Отсюда, не откладывая на потом, я решил добраться до главной достопримечательности Капри — палаццо Тиберия и храма Юпитера. Моя
Всякий раз, когда настает пора словесного пейзажа, охватывает неловкость. Можно было бы списать это чувство на цепенящее присутствие классики. Но это верно лишь отчасти — не парализует же оно писательский энтузиазм в целом… Или у отдельного и конечного человека есть хотя бы иллюзия личной исключительности, воодушевляющая на описание собственного внутреннего мира? А природа — мир снаружи, на всех один, раз и навсегда. И после того как Толстой умел воспроизвести шорох мартовского наста («запах снега и воздуха при проезде через лес по оставшемуся кое-где праховому, осовывавшемуся снегу с расплывшимися следами»), хочется с досадой и назло брякнуть «Травка зеленеет, солнышко блестит». Так вот: красиво на Капри, очень красиво!
На одной из лестничных площадок длиннющей — в несколько маршей — лестницы-тропы, забирающей наискось и вверх по каменистому склону в вечнозеленой растительности, я нагнал разрозненную группу американцев-тинейджеров, которые везде, кроме Америки, выглядят инопланетянами. Три корпулентные девушки в позах картинного изнеможения приметили меня и попросили щелкнуть. Почему бы и нет? «Sorry, which button should I push?» И, любезно осклабясь, подтянутый седой джентльмен вернул «мыльницу» и пошел на обгон. Ай да я! Шестьдесят лет мужику, курит, пьет, а посмотрите, каким молодцом держится!
Необъяснимо, но в поездках — в чем их дополнительная привлекательность — я иду с собой на мировую, вечный скрежет затихает и даже слегка разыгрывается самодовольство: будто Манхэттен или какой-нибудь памирский глетчер — моя заслуга. Странная подмена.

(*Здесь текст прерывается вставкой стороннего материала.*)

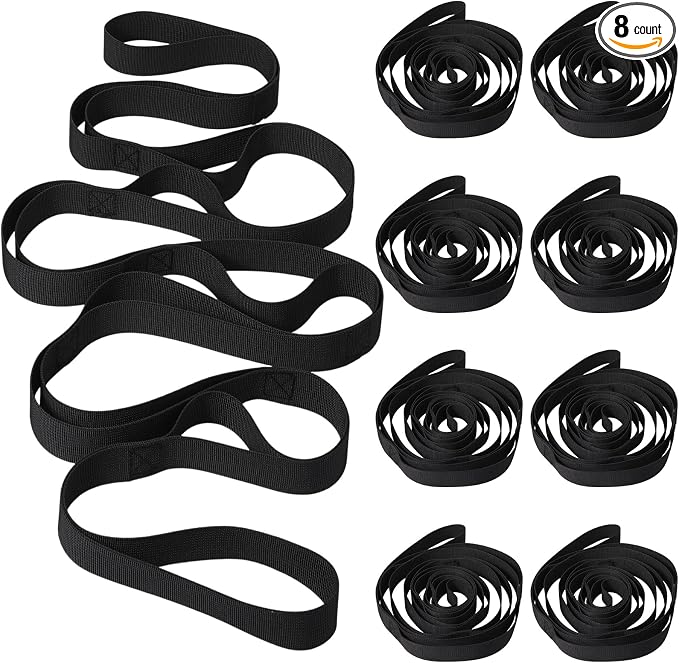 Foilswirl 8 Pack Stretching Strap with 10 Loops Bulk Yoga Strap Bulk for Physical Therapy Stretch Bands with Loops Non Elastic Bands for Exercise Dance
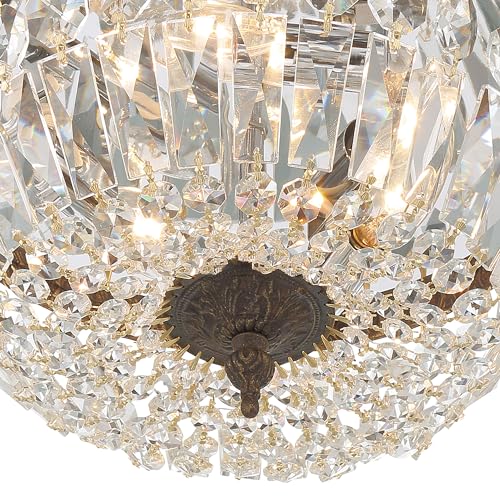 3 Light Clear Italian Crystal Flush Mount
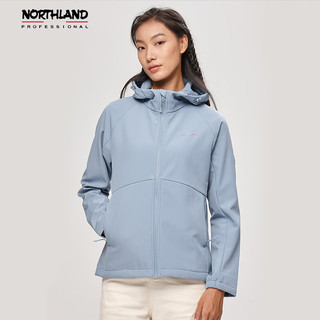 NORTHLAND 诺诗兰 软壳衣女户外防风防泼保暖风雪外套NXJCH2506E 牛仔蓝色 170/L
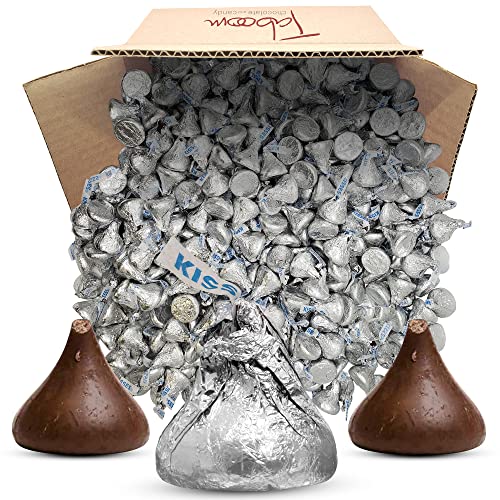 HERSHEY'S KISSES Silver Foils Milk Chocolate Candy, Bulk 4.2 Pound bag - Easter Chocolate, Hershey Kisses Easter Colors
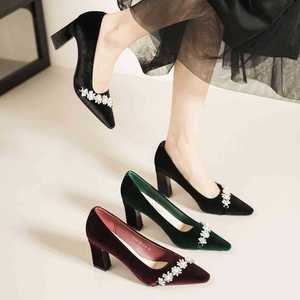 Pointed Toe Pumps Black Velvet <b>Block</b> Heel Medium Height Flower Embellished Formal Shoes 7188-15 - Product Image 2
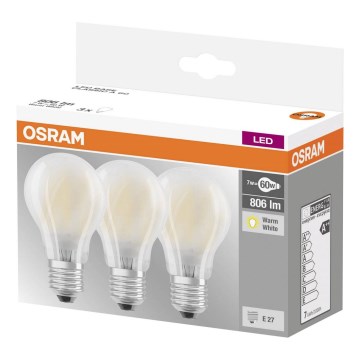 SET 3x LED-lampor VINTAGE E27/7W/230V 2700K - Osram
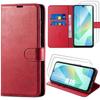 Protective Case - BOOLING - for Samsung Galaxy A16 4G/5G - Red Synthetic Leather - 2 Tempered Glasses - Shockproof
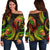 American Samoa Polynesian Off Shoulder Sweater - Reggae Plumeria Art - Polynesian Pride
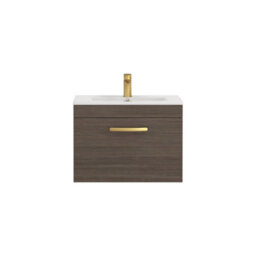 Royal Bathrooms Turin Grey Elm 600mm Wall Hung Vanity Unit 1 Drawer With Minimalist Basin Sink & Brushed Brass Handles - thumbnail 6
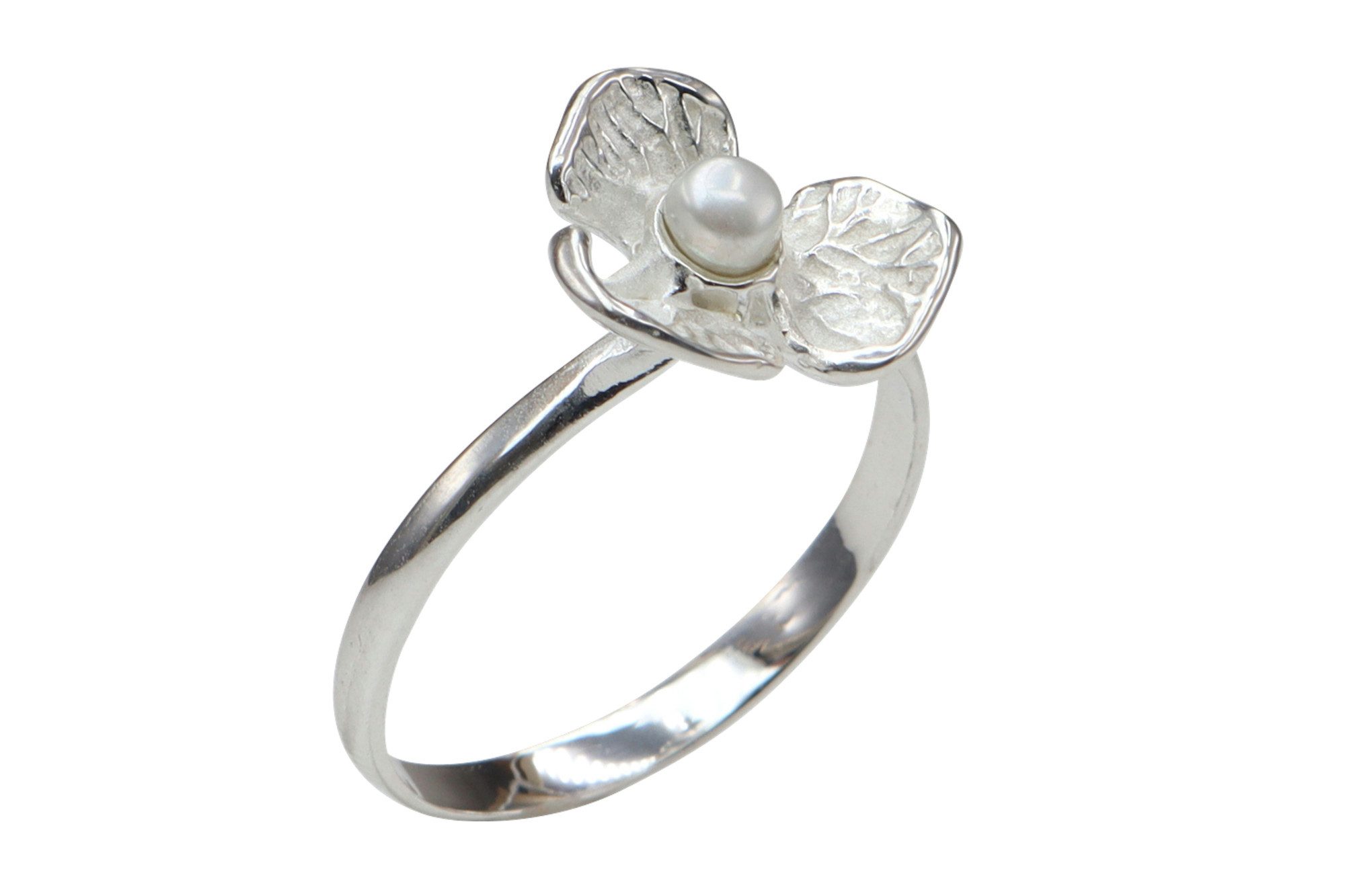 SILBERMOOS Perlenring Schmaler Ring "Blüte mit Perle", 925 Sterling Silber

Часом позже, в полном одиночестве, с одышкой и гудящими ногами, я, судя по карте и туристическим указателям, достиг-таки искомой достопримечательности и… поцеловал запертые на амбарный замок ворота. Щурясь, я прочел сквозь железные прутья очень отечественного вида объявленьице от руки на картонке: «Villa Jovis is closed till 31.03.2012». Мать твою!
Я привалился мокрой спиной к воротам и начал блуждать взором вверх-вниз. Четыре лебедя неравнобедренным косяком пролетели в поднебесье прямо над «запреткой». Толстые кролики сновали по обе стороны ворот. Все твари как бы олицетворяли свободу передвижения, которой лишен был я, уж не помню кто: венец творения или царь зверей. Избавление пришло, как и накануне, в обличье простых женщин. Они медленно вышли из-за поворота проулка, едва перебирая ногами от усталости, как я только что. Моя жестикуляция, мол, дохлый номер, не остановила их. Напротив, жестами же они принялись побуждать меня перелезть через ворота. «Телекамеры?» — усомнился я. «Нет, — отмахнулись они. — Просто смотрителям лень торчать тут на безлюдье». И я взялся прилежно подсаживать на ограду и принимать с внутренней стороны двух толстух сестер-римлянок и примкнувшую к ним долговязую японку Йошими.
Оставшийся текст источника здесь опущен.